+1.
About governance, "policies, and processes" - yes, people - not exactly. 
However, Governance has to define the means of controls - boards, committees, 
etc. and roles that, obviously, played by people.

I have proposed to the TOGAF and posted a note in my blog about the role of 
governance in the EA dealing with SOA 
(http://it.toolbox.com/blogs/so-enterprise-blog).
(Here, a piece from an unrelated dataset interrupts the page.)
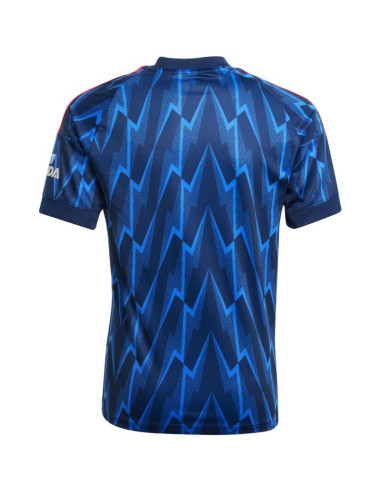 Koszulka dla dzieci adidas arsenal 25/26 niebieska ji9550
I see an Architecture Vision 
and Governance outside of the TOGAF ADM circle, above it, but at the same level 
because they have to interact with regard to the "policies that guide toward 
the new behavior"

- Michael



----- Original Message ----
From: Todd Biske <[EMAIL PROTECTED]>
To: [email protected]
Sent: Friday, July 4, 2008 3:42:32 AM
Subject: Re: [service-orientated-architecture] Re: Meehan & Anne on SOA Success 
- or lack of



On Jul 3, 2008, at 9:35 AM, Anne Thomas Manes wrote:
>
> I'm still committed to my assertion that governance is critical to a
> successful SOA initiative-- but only because governance is a means to
> effect behavioral change. The true success factor is changing
> behavior.
>

+1.  I define governance as the people, policies, and processes that 
an organization uses to achieve a desired behavior.  If the behavior 
of the organization, the infrastructure, or anything else needs to 
change, you need policies that guide toward the new behavior.